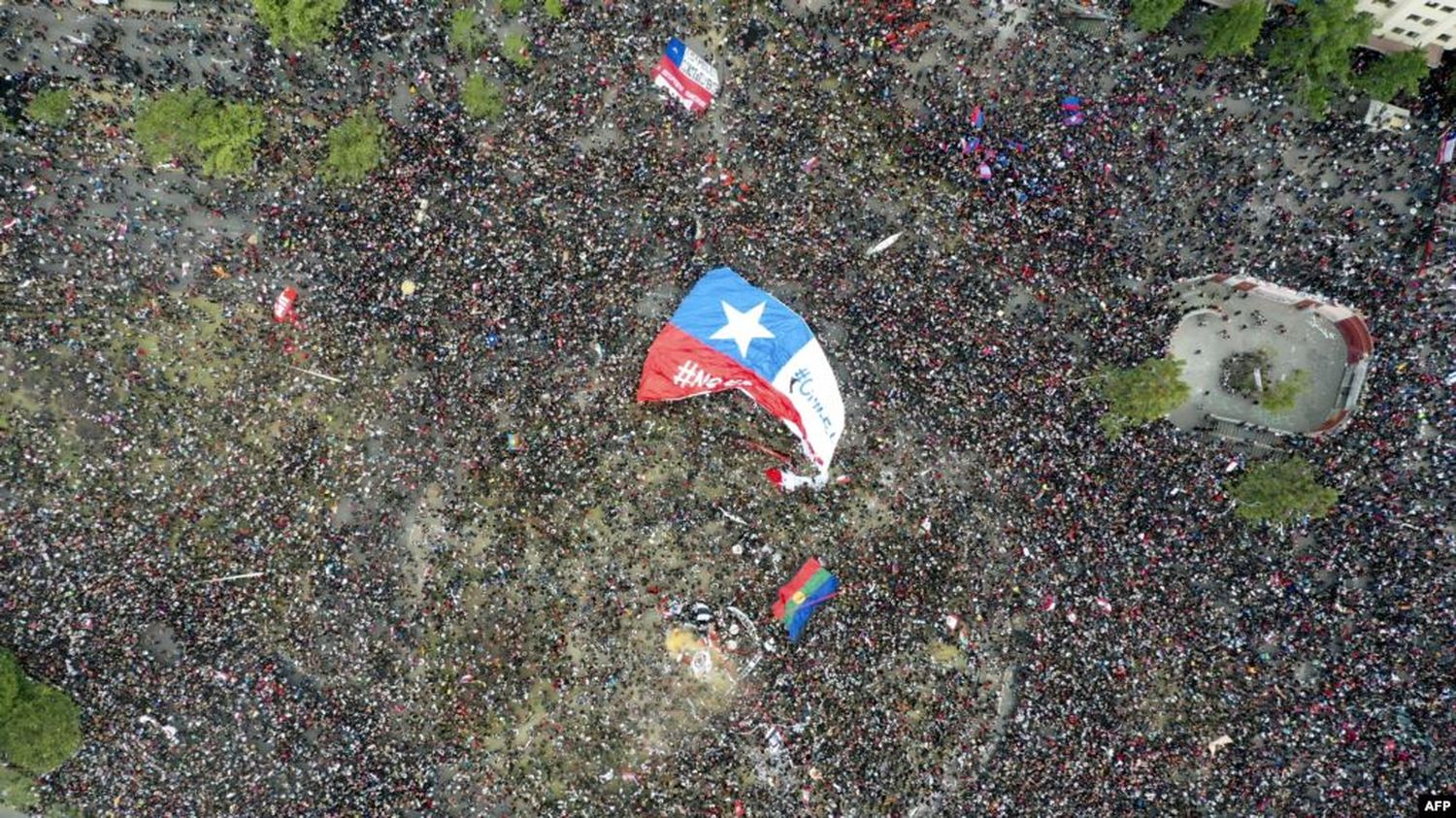 Ejército de Chile levanta toque de queda, Piñera pide renuncia a ministros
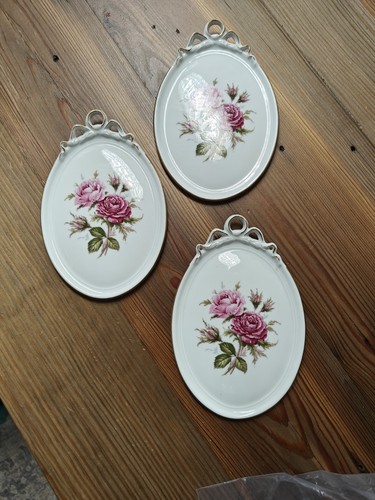 Set of 3 Vintage Hand Painted Plaques With Barbola Bow & Flowers Kaiser Germany - Picture 2 of 8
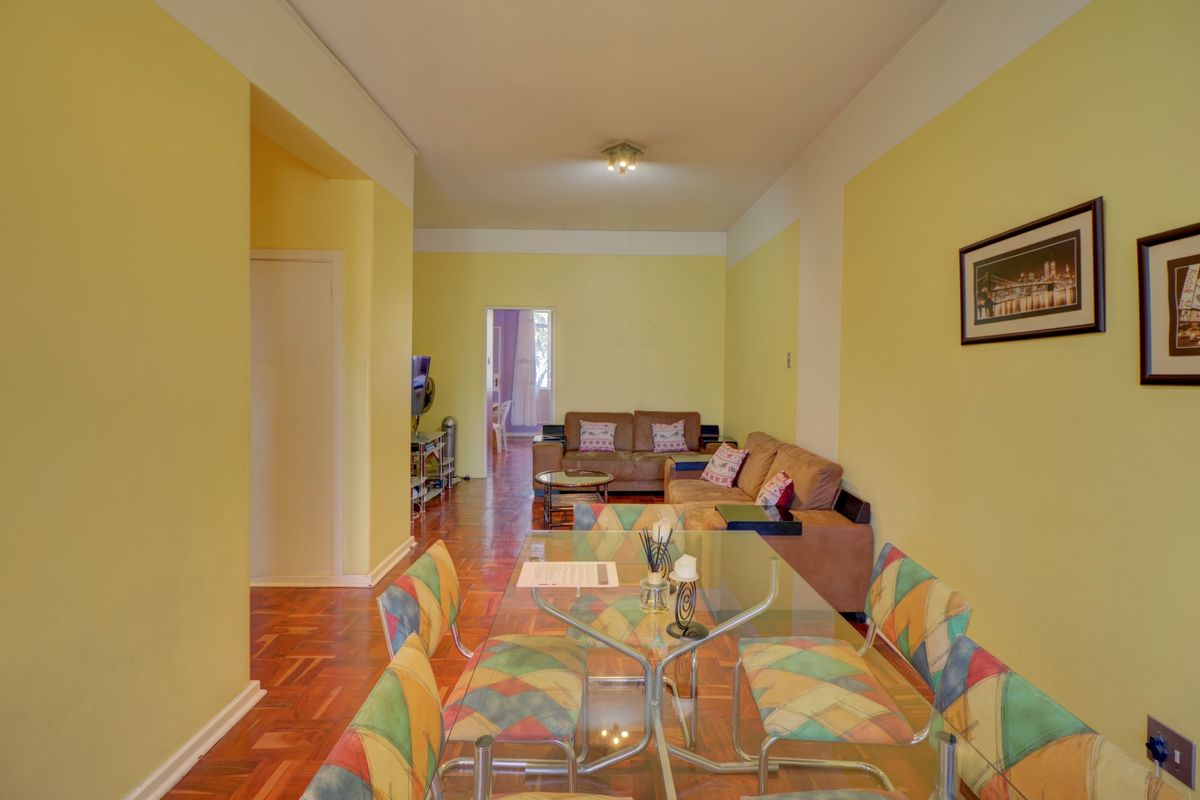Apartment For Sale in Parktown, Johannesburg - Photo 2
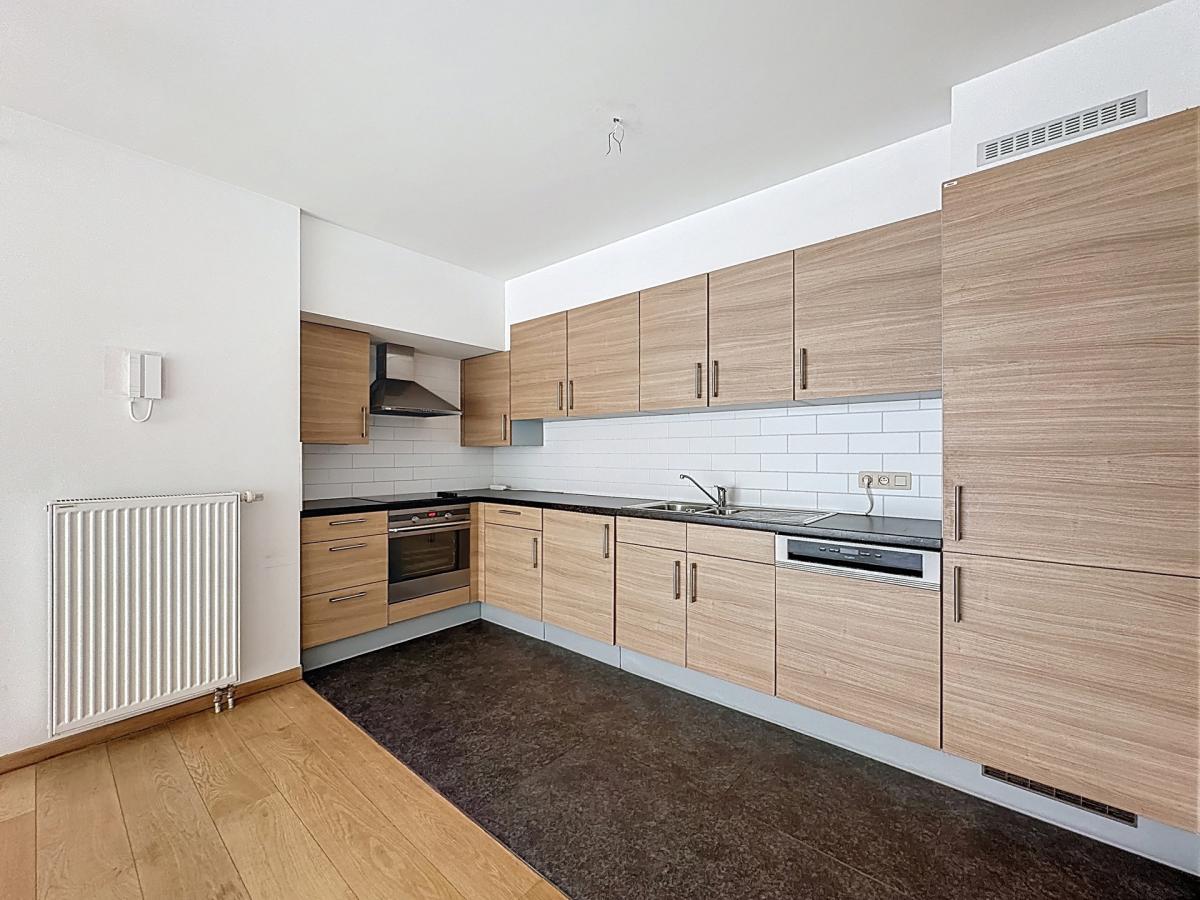 VDK/Churchill : Bel appartement moderne + balcon
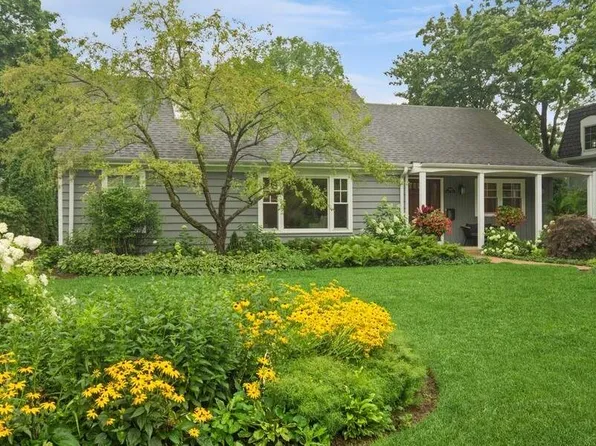 1405 Berkley Ct, Deerfield, IL 60015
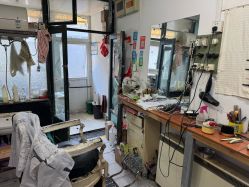 -兰建理发店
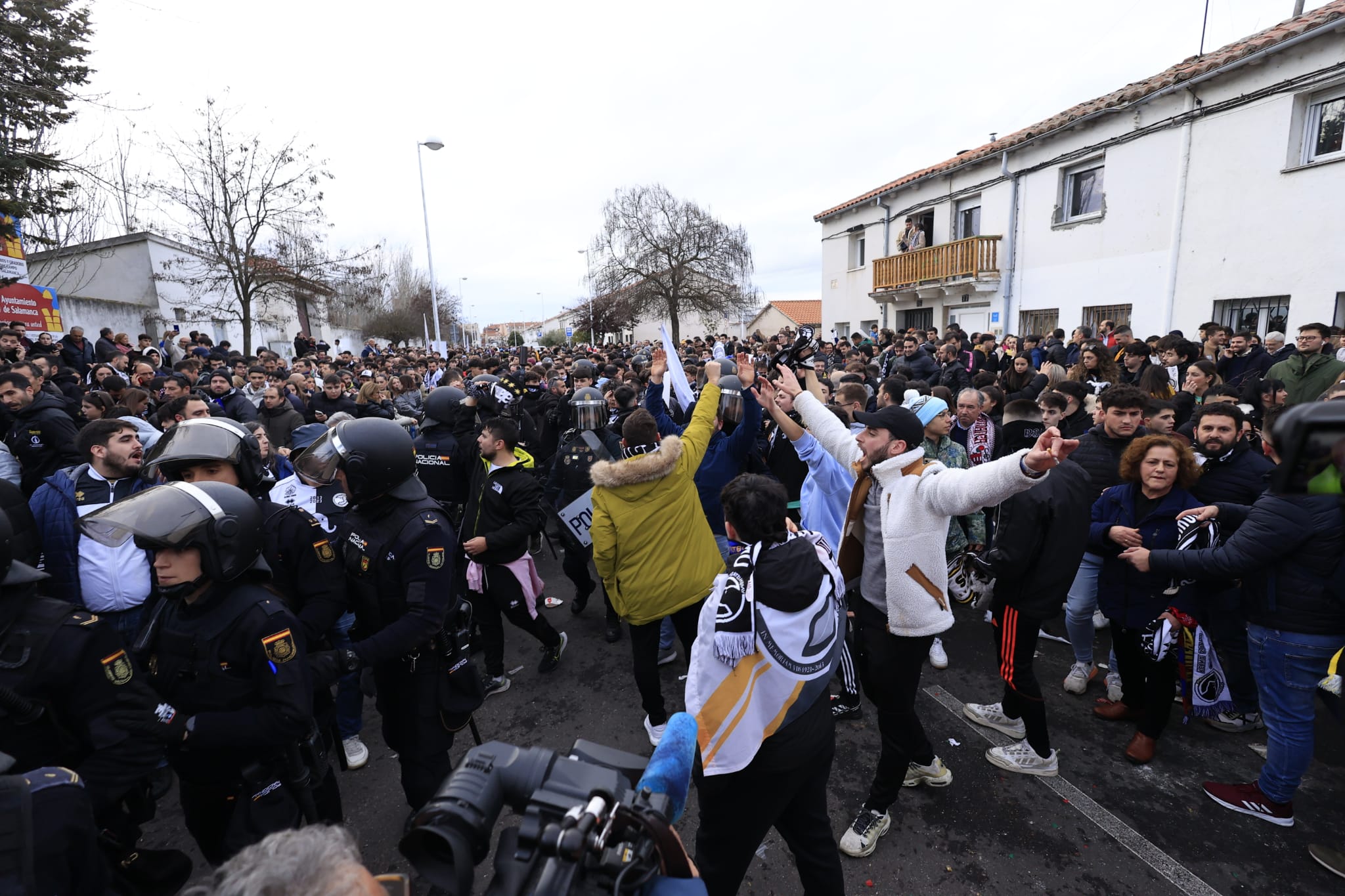 El autobús del Barcelona llega al Reina Sofía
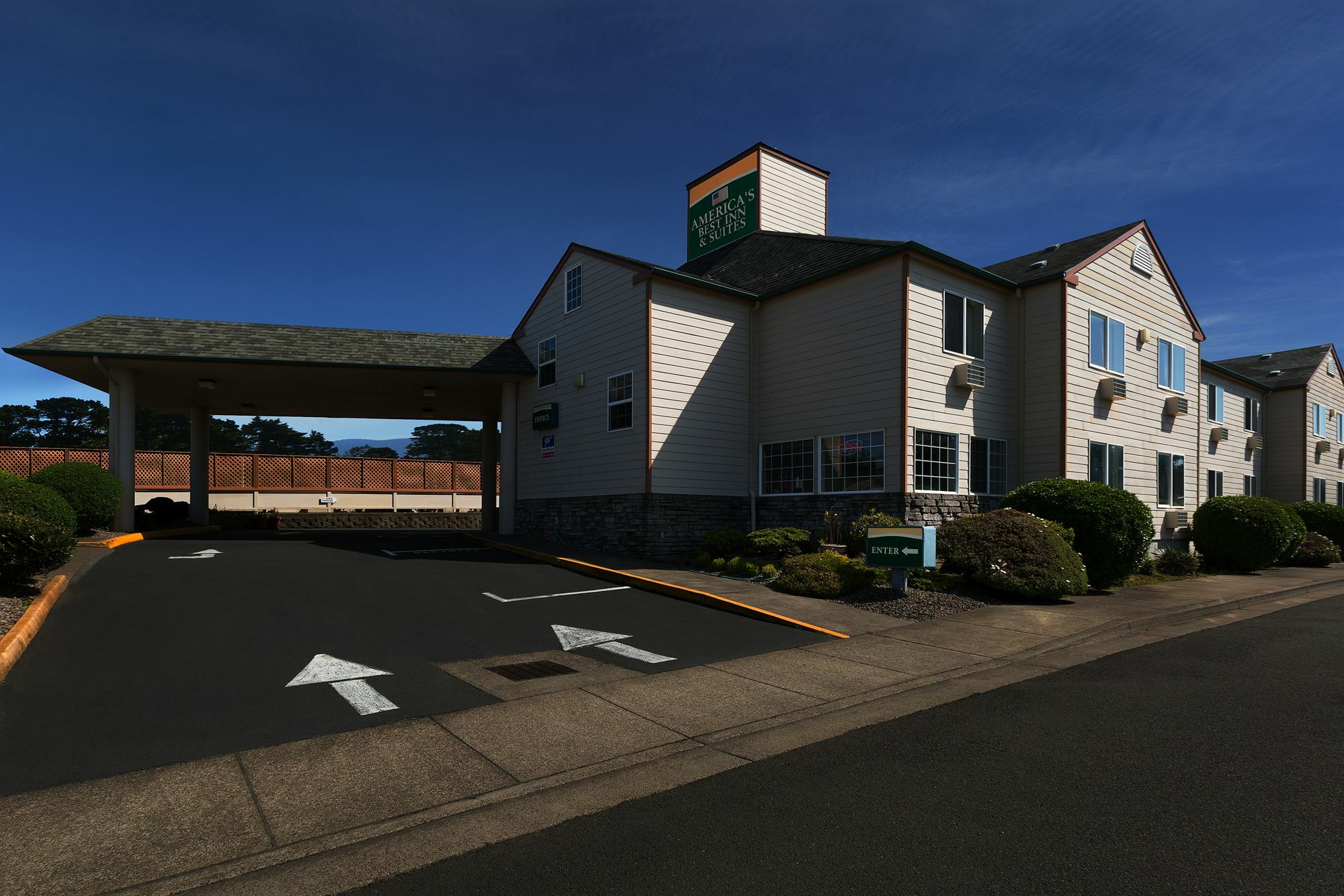 Paradise Inn & Suites At Λίνκολν Σίτι Εξωτερικό φωτογραφία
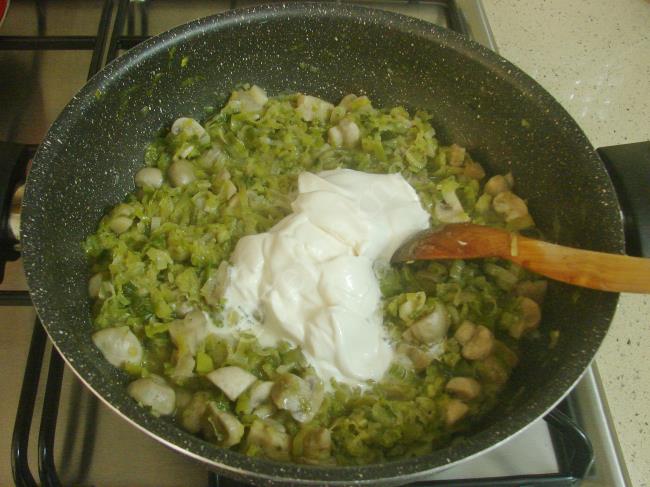 Fırında Kremalı Mantarlı Pırasa - Yapılışı (6/12) 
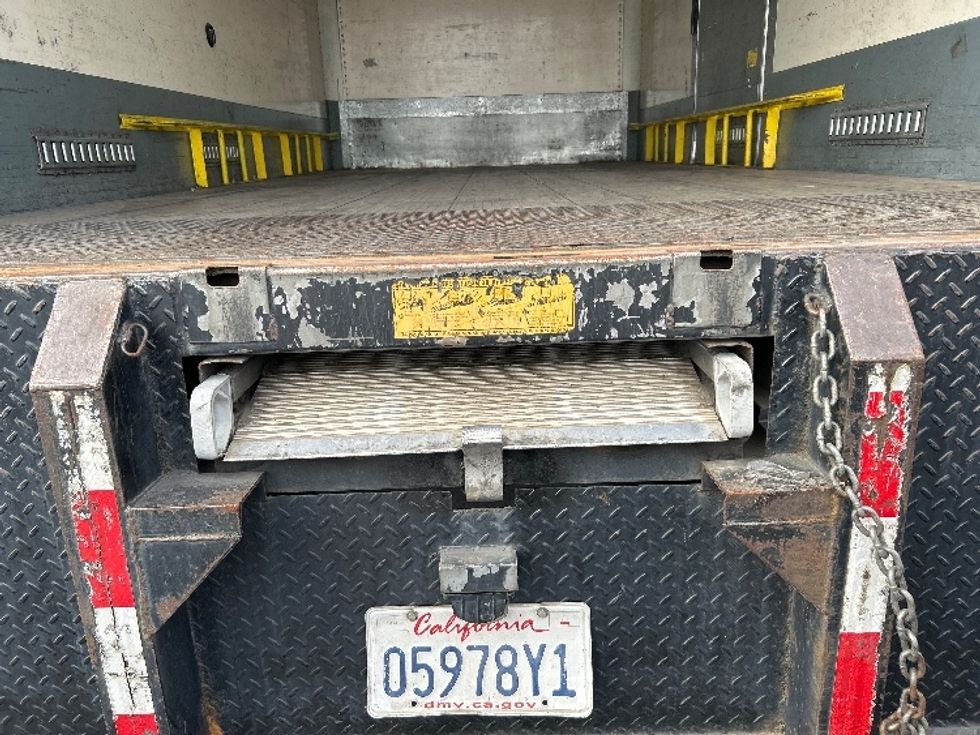 Medium Duty Box Truck-Light and Medium Duty Trucks-Freightliner-2016-M2-West Sacramento-CA-268,784\n\t\tmiles-$ 21,750 - Image 10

_____

§ **WHAT THE TASK ASKS**
All that is needed is the data above, repeated exactly, without the pictures.

§ **TASK ANSWER**
 Ejército de Chile levanta toque de queda, Piñera pide renuncia a ministros
 Set of 3 Vintage Hand Painted Plaques With Barbola Bow & Flowers Kaiser Germany - Picture 2 of 8
Apartment For Sale in Parktown, Johannesburg - Photo 2
 VDK/Churchill : Bel appartement moderne + balcon
 1405 Berkley Ct, Deerfield, IL 60015
 -兰建理发店
 El autobús del Barcelona llega al Reina Sofía
 Paradise Inn & Suites At Λίνκολν Σίτι Εξωτερικό φωτογραφία
 Fırında Kremalı Mantarlı Pırasa - Yapılışı (6/12) 
 Medium Duty Box Truck-Light and Medium Duty Trucks-Freightliner-2016-M2-West Sacramento-CA-268,784\n\t\tmiles-$ 21,750 - Image 10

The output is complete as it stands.